Once at the mercy of shippers, truckers now are turning the tables, thanks to surging freight demand and a shortage of drivers.
Gone are the days when customers used reliability scorecards to reject some truckers and kept others waiting for hours with no place to take a break but portable canopies and grimy restrooms. Now, companies such as Nestle SA are rushing to make drivers feel welcome. And shippers that hinder rigs from quick turnarounds or treat operators shabbily are paying a premium.
“Carriers are now starting to score shippers and receivers, and the primary way of keeping score is money,” said Cliff Finkle, vice president of Finkle Trucking, a New Jersey-based company with 250 rigs. “I’m just going to say, ‘Your place sucks, and if you really want me to go in there, I want an extra $300.’ ”
Trucking companies’ increased leverage is applying added pressure to cargo costs as accelerating economic growth bolsters transportation demand and exacerbates driver scarcity. With first-quarter trucking spot rates up 27 percent from a year earlier, according to Bloomberg Intelligence, freight expenses are crimping profits at companies from 3M Co. to General Mills Inc.
Relief isn’t in sight. The U.S. has about 280,000 fewer truck drivers than it needs, a shortfall that’s grown more than threefold from 78,000 about two years ago, according to estimates by FTR Transportation Intelligence.
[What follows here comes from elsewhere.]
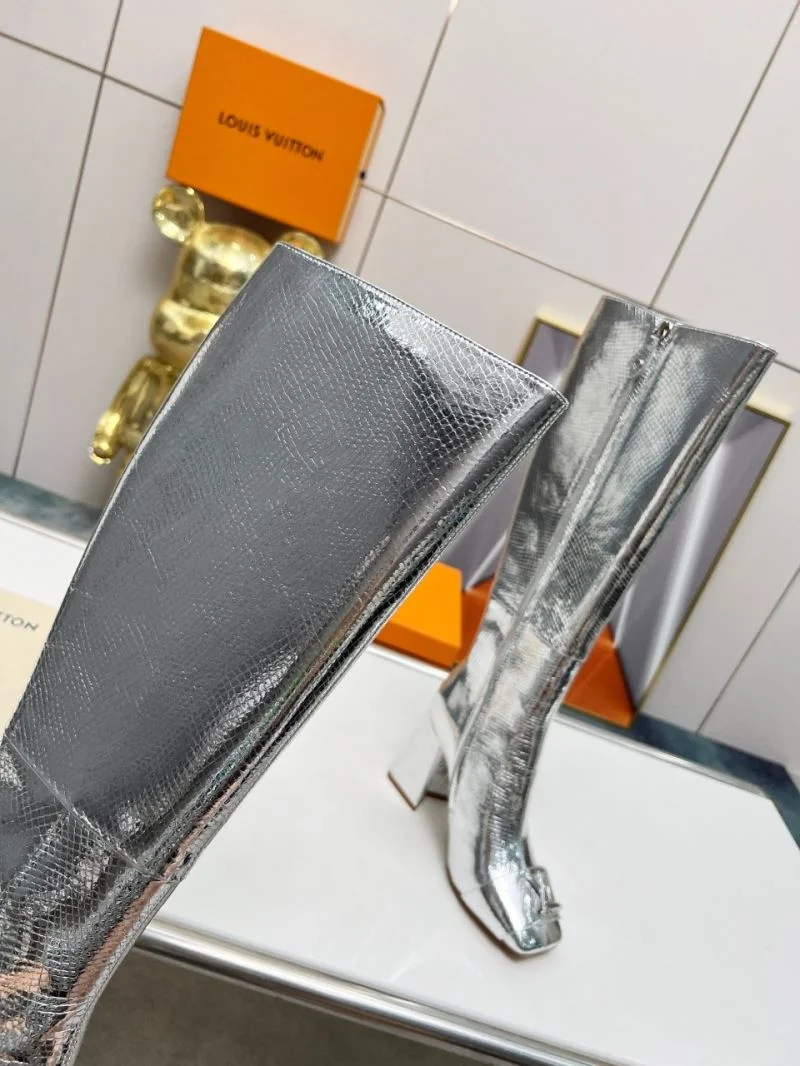 Louis Vuitton Boots WaterResistant 32448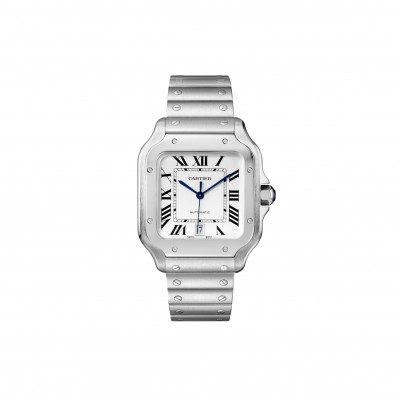 CARTIER SANTOS DE 48MM WATCH WSSA0018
The dearth of available trucks got worse in April as regulators stepped up enforcement of limits on driver hours.
Such pressures have prompted customers to go the extra mile to make sure they can get drivers when they need them, whether by sprucing up break areas or taking steps to speed truck turnaround.
If shippers processed cargo more quickly, they could free up freight capacity as much as 20 percent, said Bob Costello, an economist with the American Trucking Associations trade group.
Shippers are also getting prodded by the trucking industry itself. Most freight contracts require customers to make payments if a driver is detained for more than two hours. Disputes over such payments are common, however.
“If a shipper in our network is a serial abuser of detention, we will not take their freight,” said Drew McElroy, chief executive officer of Transfix, a logistics startup. “We’re actually building our brand with the driver community at least partially around the quality of the freight and the freight experience you have.”
One way to speed up the process is to enable a driver to drop a trailer at a shipping yard and hook up another that’s already loaded, even before the first is emptied. That requires customers to provide space for parking the extra trailer and its own drivers to maneuver equipment into position.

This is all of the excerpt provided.